[Start of Attachment]
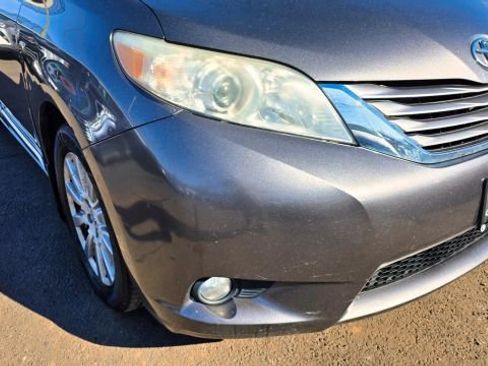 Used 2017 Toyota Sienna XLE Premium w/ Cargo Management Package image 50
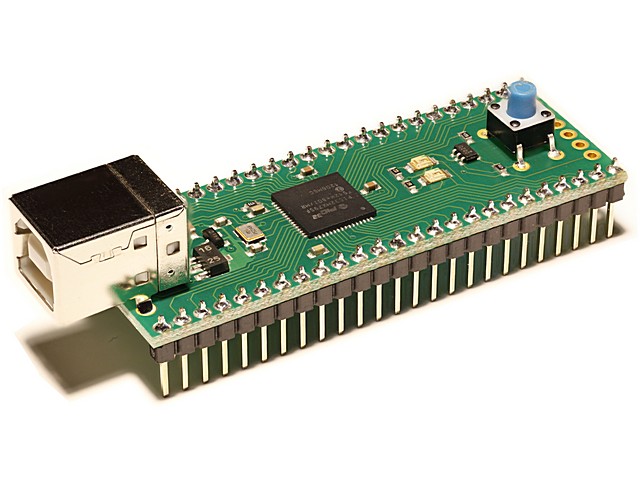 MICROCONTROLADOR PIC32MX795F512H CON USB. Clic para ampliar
[End of Attachment]
[Start of Attachment]
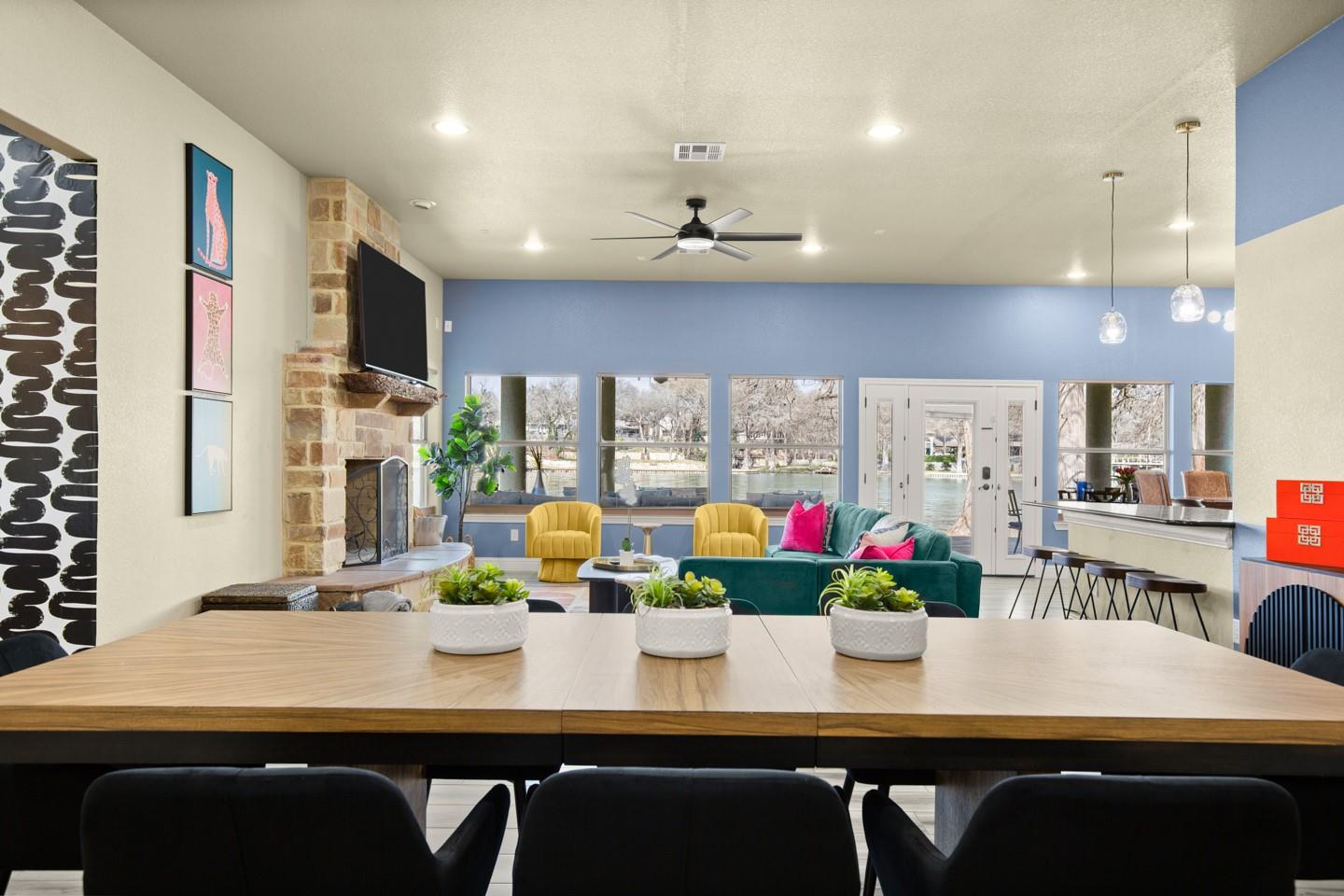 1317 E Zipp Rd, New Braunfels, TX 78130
[End of Attachment]
[Start of Attachment]
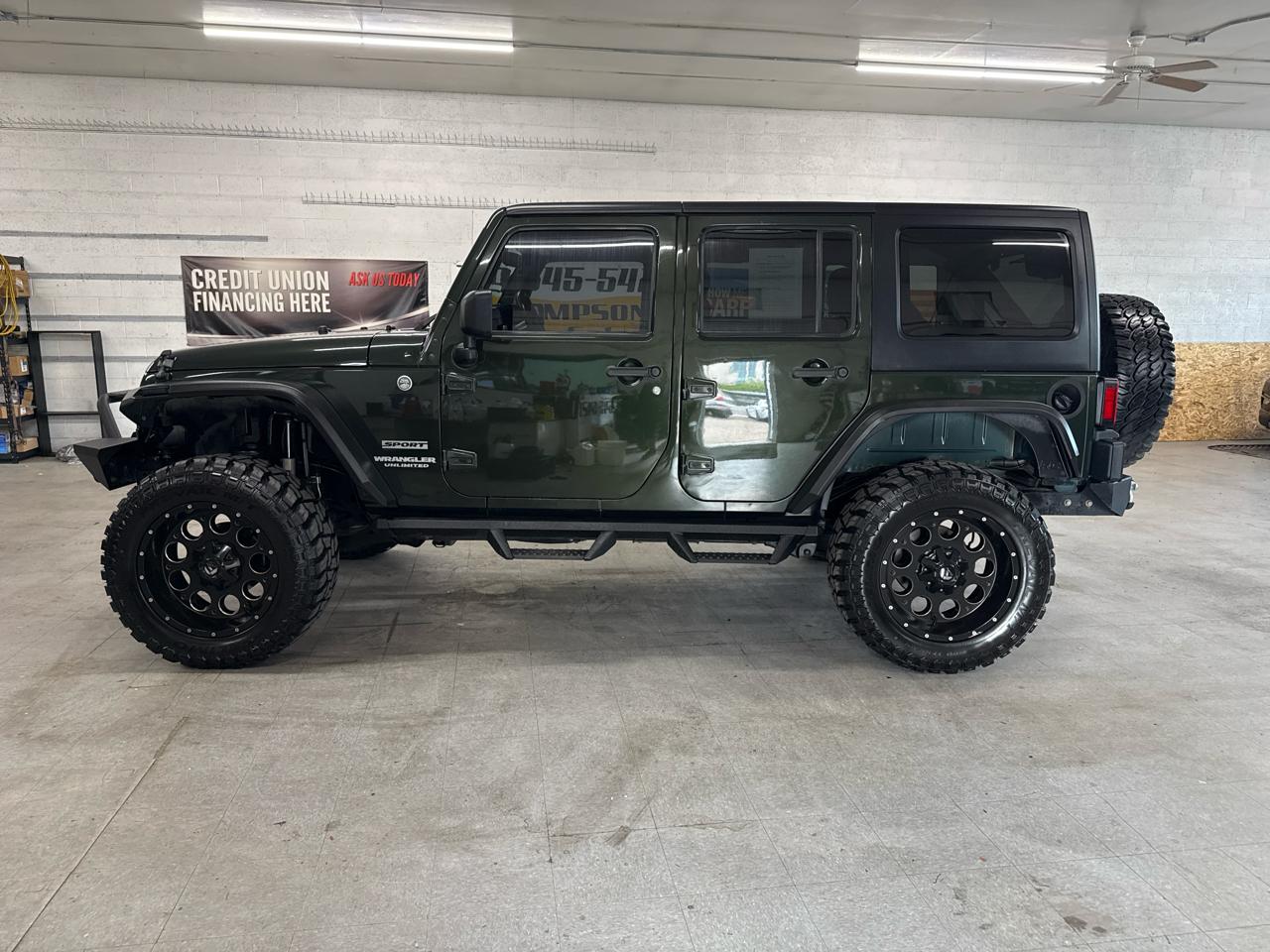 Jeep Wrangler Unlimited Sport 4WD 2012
[End of Attachment]
→ **What is needed**:
Only the lines above from the one with "Used 2017 Toyota" to the one with "MICROCONTROLADOR PIC32MX795F512H CON" should be printed, both included and exactly as written; no picture belongs in the copy.

→ **Reply**:
 Used 2017 Toyota Sienna XLE Premium w/ Cargo Management Package image 50
 MICROCONTROLADOR PIC32MX795F512H CON USB. Clic para ampliar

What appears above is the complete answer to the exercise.